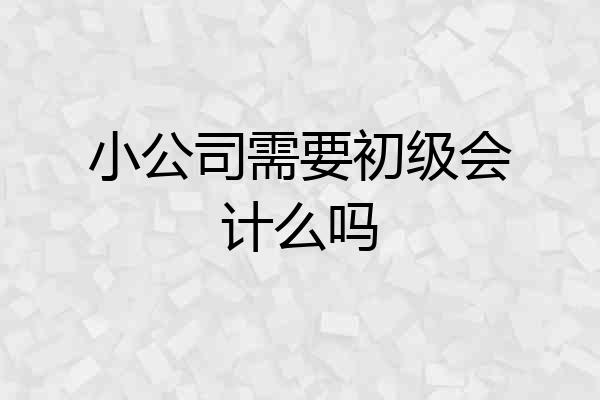 小公司需要初级会计么吗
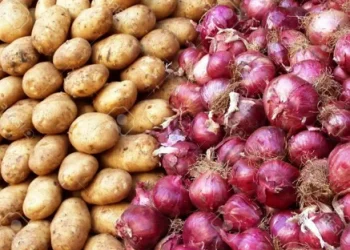 Bangladesh Resumes Onion and Potato Imports to Stabilize Market Prices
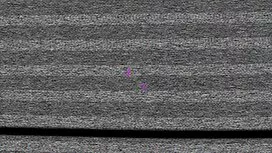 (جويس أوليفيرا) سكسي ...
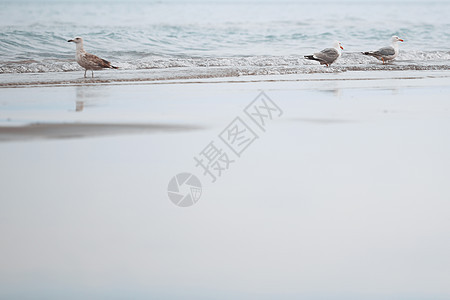 海鸥海岸线海洋翅膀自由引力活力水平海浪海岸野生动物图片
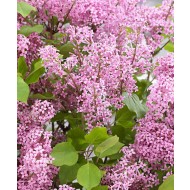 矮朝鲜丁香-紫丁香乔斯抚养长大灌木群三种植物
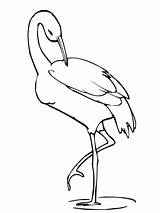 Crane Coloring Pages Drawing Bird Leg Stands Printable Animal Getdrawings Stork sketch template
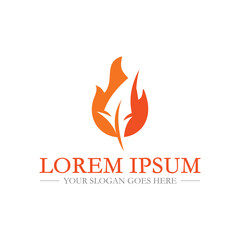 education logo , university logo vector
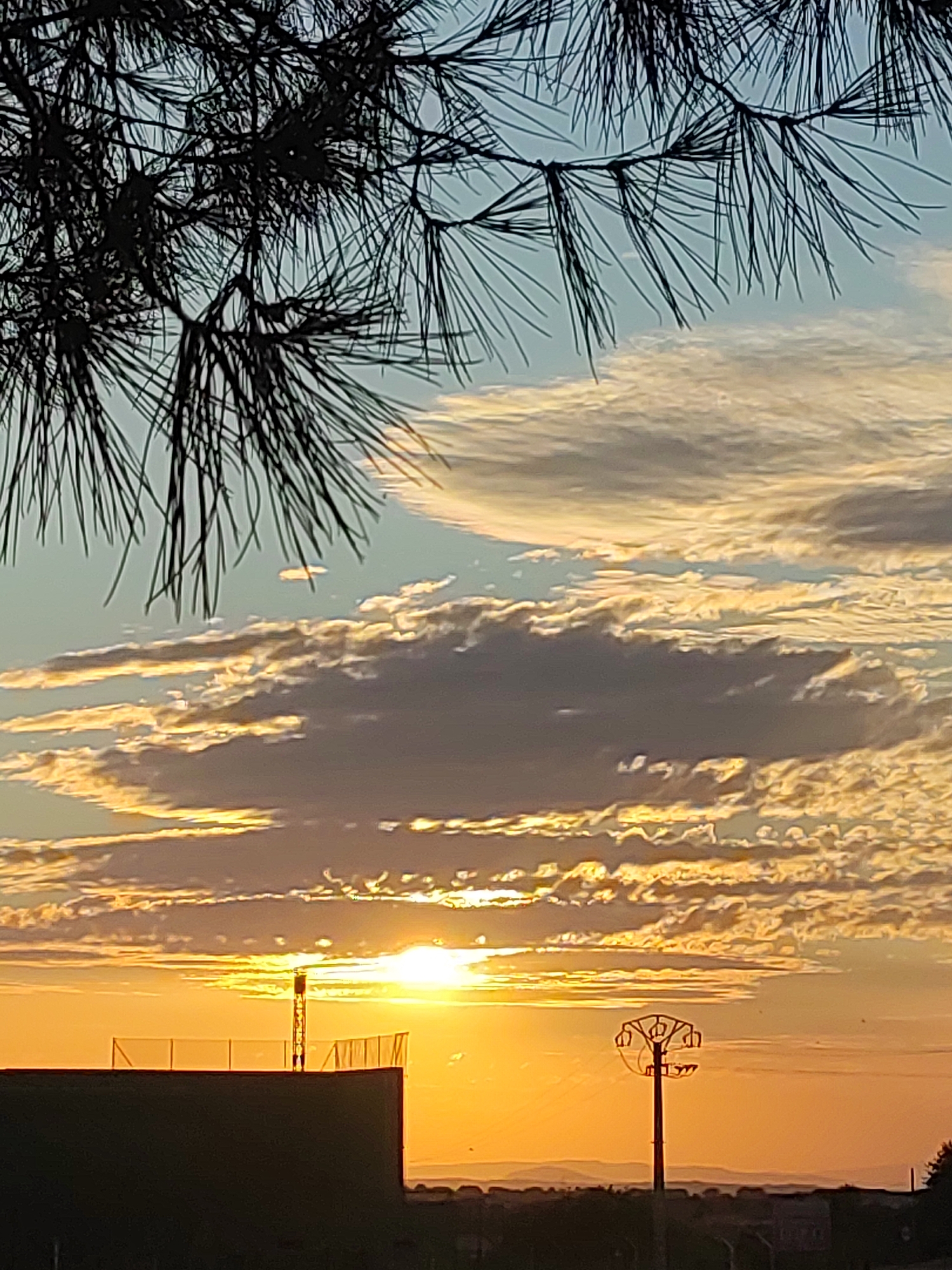 A sunset illuminates a silhouetted industrial landscape in Sobradillo, Spain. In the foreground, the dark, spiky branches of a pine tree overhang the scene, their needles sharply defined against the brightly lit sky. Below the tree, a dark, flat-topped building with a fenced-off area sits in silhouette, topped by a narrow tower. To the right of the building, a tall, dark pylon with a distinctive, open circular frame structure stands against the glowing orange sky. The sun, a brilliant white orb, is positioned near the horizon, casting a warm, golden light on the streaky, textured clouds that fill the sky. The middle ground shows a hazy, dark silhouette of rolling hills and a low-lying urban area. The overall impression is one of a stark, industrial setting bathed in the dramatic light of a setting sun.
***
> [THE PROBLEM]: Lines wanted from the entries above: the one with "Crane Coloring Pages", the one with "education logo , university logo vector", and all lines between. Please copy them exactly, without the pictures and without anything else.

> [RESPONSE BELOW]:
 Crane Coloring Pages Drawing Bird Leg Stands Printable Animal Getdrawings Stork sketch template
 education logo , university logo vector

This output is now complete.